C’est depuis plus de deux semaines que des centaines de familles ayant fui les violences dans la région de Am-Dafock se sont réfugiées aux abords du camp provisoire de la Minusca. Leur quotidien est marqué par l’insécurité sanitaire, le manque d’eau potable, et l’absence de soins médicaux adaptés. Le 02 octobre 2025, une mission d’assistance médicale a été menée par des acteurs humanitaires. Mais sur le terrain, les besoins restes criants. La seule source d’eau disponible est installée par le contingent Zambien de la Minusca, et les premiers cas de diarrhée, rougeole, paludisme et grippe ont déjà été signalés. « J’ai découvert des cas de rougeole, de paludisme, de diarrhée et de grippe sur le site », témoigne Alexis Ndombi, chef du Centre de Santé D’Am-Dafock.
Selon lui, les femmes enceintes sont particulièrement vulnérables. Plusieurs présentes des symptômes de paludisme, mais les moyens de diagnostic manque cruellement.
« Un carton de Coartem m’a été livré, mais aucun test de dépistage du paludisme ne m’a été fourni », déplore-t-il.
Face à cette situation, des compagnes de sensibilisation ont été lancées pour encourager les femmes à se rendre au centre de santé lors des accouchements. L’objectif est d’éviter les complications liées aux accouchements non médicalisées. « Nous œuvrons à conscientiser le public afin que les femmes enceintes se rendent au centre de santé », insiste Alexis Ndombi.

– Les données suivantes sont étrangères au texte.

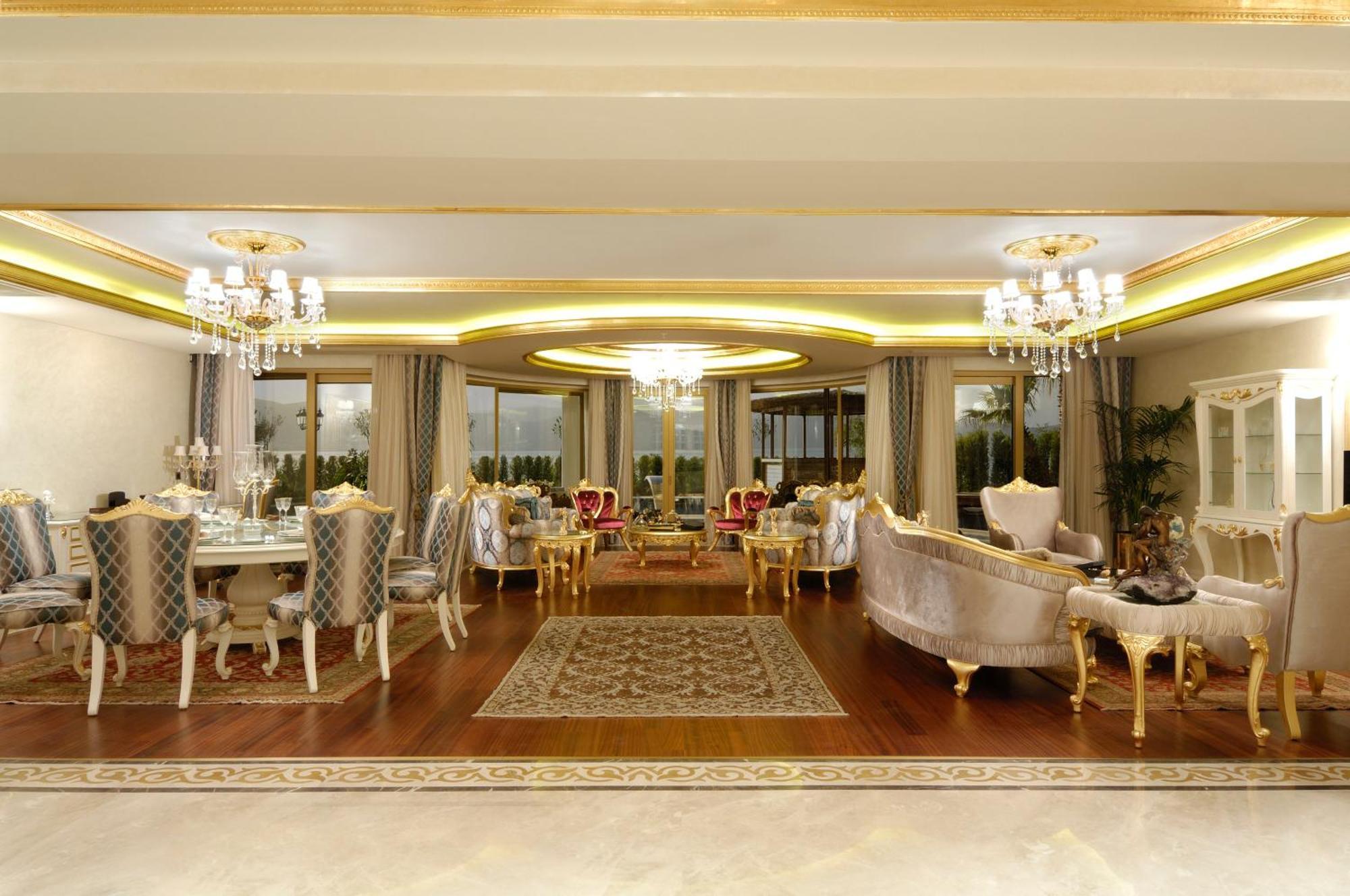 The Plaza Bodrum Τόρμπα Δωμάτιο φωτογραφία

Grâce au soutien des partenaires humanitaires, le centre de santé a pu recevoir des vaccins jusque-là en rupture de stock. Mais les défis restent immenses.
D’après les données préliminaires, aux moins11.109 personnes, majoritairement des femmes et des enfants, ont besoins d’une aide humanitaire urgente à Am-Dafock.
La situation à Am-Dafock illustre une crise humanitaire silencieuse, ou les besoins médicaux dépassent largement les capacités locales. Sans une mobilisation rapide et coordonnées, les conséquences sanitaires pourraient s’aggraver dans les jours à venir.